I grew up in an Italian household, where tomatoes were a really important part of our diet (surprise!). Some of my happiest memories revolve around tomato canning time, in early to mid-September in Montreal when the weather was just starting to turn with the yellowing leaves, and my father’s thoughts were ambling their way toward wine-making. But not yet. First there were the tomatoes to be dealt with. Hundreds of pounds of them, gathered from our own garden, from tomato U-Picks on the outskirts of Montreal, and if all else failed, from the Marché Jean-Talon. It was there that since 1933, Italians who couldn’t grow enough themselves would haggle en masse and in whatever mix of languages and dialects they could manage, for bushels of tomatoes, red peppers, garlands of garlic and tree-like branches of basil for the Sunday (and Thursday… and sometimes Tuesday or Wednesday) tomato sauce.
And there were deals to be had, my friend.
This farmers’ market is still going strong, although largely yuppified, according to my mother (no, she didn’t use the word ‘yuppified’), as the local food movement continues along its rarefied ’boutique’ phase. My mamma recounted how last week she witnessed throngs of young people at the market (unheard of when I was growing up), but each of them had just a few carrots, a pepper or two, or (gasp!) a croissant. And so many new restaurants. “What are they doing there?”

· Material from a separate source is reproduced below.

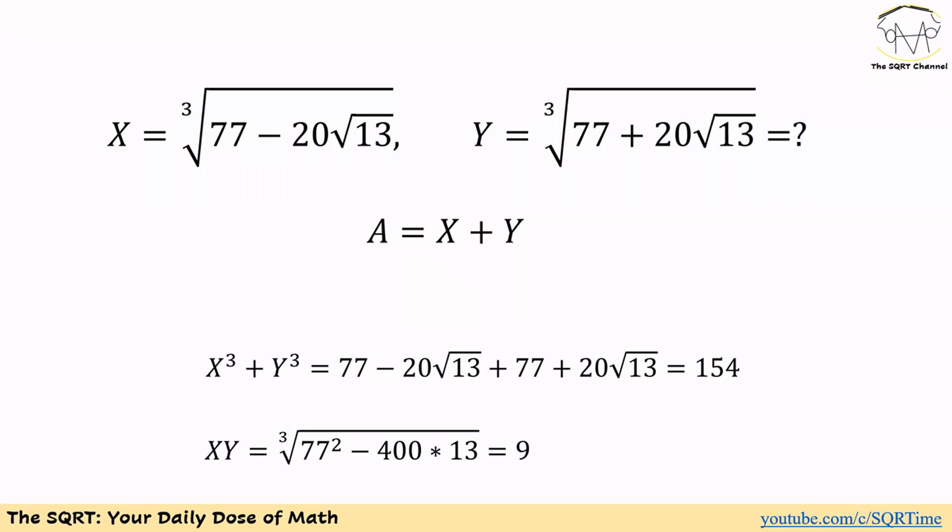The other thing to notice is that we have negative 20√13 in the first term and positive 20√13 in the second term. So when we multiply x and y, we can use the identity (a minus b)(a plus b) = a² minus b². This gives us the third root of (77² minus 20² times 13), which equals the third root of (77² minus 400 times 13). Working this out, we get the third root of 9³, which equals 9. So xy = 9, and x³ + y³ = 154.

But she managed to get her tomato and pepper fix just the same, as there really is a lot of food still grown in southern Quebec, available at decent prices when the time is right. The idea of eating local all year round was entrenched in our community, as with many others in those days. There just wasn’t a viable alternative for both price and flavour. And here’s a badly kept secret: there still isn’t.
That said, I wish we had that amount of seasonal food here in Powell River, where the norm is still growing small or buying mostly ‘just-in-time’ produce, and at much higher costs than I was used to at Le Marché. There just isn’t the mass quantity to be able to sell for less, of course, and it’s that familiar situation: growing more food here isn’t viable for farmers when they have to compete with chain stores with their buying power and low prices for imported produce (even if it lacks in flavour and comes with the carbon footprint of a Sasquatch). This will change, and my concern is that it was happen a lot faster than we’re prepared for.
On that note, last weekend, Skookum Food Provisioners Cooperative hosted a tomato canning work party at a local church kitchen. A dozen or so local foodies got together to can 200 lbs of tomatoes bought in bulk through the sorely missed “Vitamin Express” fruit truck. Nicole Narbonne and Will Langlands led the party through the steps involved
- sterilizing the pint jars and lids
- adding the lemon juice and salt to the jars
- lightly scoring and then scalding the tomatoes (c. 40 seconds),
- popping them into icy water,
- peeling , coring and cutting them into 4-6 sections,
- carefully packing the them into pint jars, cleaning the rims and putting on the lids
- pre-warming the jars, and finally
- canning them in boiling water bath for 45-minutes.
(Find a complete how-to from another source, with pictures here)
Enjoy the last few days of this year’s official 50-Mile Eat Local Challenge period, but really– put up as much local food as you can for the seasons ahead.